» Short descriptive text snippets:

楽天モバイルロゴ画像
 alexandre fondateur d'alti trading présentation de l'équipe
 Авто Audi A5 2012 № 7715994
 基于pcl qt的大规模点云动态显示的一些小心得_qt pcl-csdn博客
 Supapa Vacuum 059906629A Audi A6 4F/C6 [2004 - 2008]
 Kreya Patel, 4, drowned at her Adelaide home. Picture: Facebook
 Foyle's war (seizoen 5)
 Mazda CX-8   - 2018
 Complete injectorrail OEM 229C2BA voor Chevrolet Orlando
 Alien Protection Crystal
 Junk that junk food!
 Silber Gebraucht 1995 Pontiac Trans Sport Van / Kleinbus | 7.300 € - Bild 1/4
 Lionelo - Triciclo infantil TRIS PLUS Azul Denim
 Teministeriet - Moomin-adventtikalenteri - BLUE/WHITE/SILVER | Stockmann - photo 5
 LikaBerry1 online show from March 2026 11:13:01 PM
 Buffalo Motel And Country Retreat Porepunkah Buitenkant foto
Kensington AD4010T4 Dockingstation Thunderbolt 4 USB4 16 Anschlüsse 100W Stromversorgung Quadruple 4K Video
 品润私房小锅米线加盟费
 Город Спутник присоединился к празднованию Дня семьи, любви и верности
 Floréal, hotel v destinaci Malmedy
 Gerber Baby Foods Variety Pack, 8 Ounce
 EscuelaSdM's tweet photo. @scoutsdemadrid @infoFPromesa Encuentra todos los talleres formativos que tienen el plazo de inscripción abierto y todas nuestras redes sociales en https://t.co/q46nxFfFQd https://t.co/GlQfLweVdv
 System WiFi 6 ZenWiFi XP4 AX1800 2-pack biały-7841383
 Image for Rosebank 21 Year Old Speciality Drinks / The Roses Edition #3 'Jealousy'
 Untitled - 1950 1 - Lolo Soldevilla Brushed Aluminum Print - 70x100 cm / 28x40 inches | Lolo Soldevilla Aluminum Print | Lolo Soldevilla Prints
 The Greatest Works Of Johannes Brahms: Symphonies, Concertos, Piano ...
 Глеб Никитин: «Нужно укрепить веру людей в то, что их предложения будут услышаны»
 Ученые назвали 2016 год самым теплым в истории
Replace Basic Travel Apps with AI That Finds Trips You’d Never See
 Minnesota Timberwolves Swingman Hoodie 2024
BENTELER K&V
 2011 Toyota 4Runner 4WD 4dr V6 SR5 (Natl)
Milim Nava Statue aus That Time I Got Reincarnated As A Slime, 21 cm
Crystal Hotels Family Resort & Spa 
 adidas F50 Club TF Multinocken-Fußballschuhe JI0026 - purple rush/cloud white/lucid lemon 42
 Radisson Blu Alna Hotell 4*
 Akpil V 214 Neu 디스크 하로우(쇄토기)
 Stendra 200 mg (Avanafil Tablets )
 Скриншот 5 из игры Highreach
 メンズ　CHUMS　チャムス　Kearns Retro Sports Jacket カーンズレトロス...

» What you will do: Give back precisely the lines above that start at the line containing "Silber Gebraucht 1995" and end at the line containing "Image for Rosebank", inclusive. No other lines belong in the output.

» Task result:
 Silber Gebraucht 1995 Pontiac Trans Sport Van / Kleinbus | 7.300 € - Bild 1/4
 Lionelo - Triciclo infantil TRIS PLUS Azul Denim
 Teministeriet - Moomin-adventtikalenteri - BLUE/WHITE/SILVER | Stockmann - photo 5
 LikaBerry1 online show from March 2026 11:13:01 PM
 Buffalo Motel And Country Retreat Porepunkah Buitenkant foto
Kensington AD4010T4 Dockingstation Thunderbolt 4 USB4 16 Anschlüsse 100W Stromversorgung Quadruple 4K Video
 品润私房小锅米线加盟费
 Город Спутник присоединился к празднованию Дня семьи, любви и верности
 Floréal, hotel v destinaci Malmedy
 Gerber Baby Foods Variety Pack, 8 Ounce
 EscuelaSdM's tweet photo. @scoutsdemadrid @infoFPromesa Encuentra todos los talleres formativos que tienen el plazo de inscripción abierto y todas nuestras redes sociales en https://t.co/q46nxFfFQd https://t.co/GlQfLweVdv
 System WiFi 6 ZenWiFi XP4 AX1800 2-pack biały-7841383
 Image for Rosebank 21 Year Old Speciality Drinks / The Roses Edition #3 'Jealousy'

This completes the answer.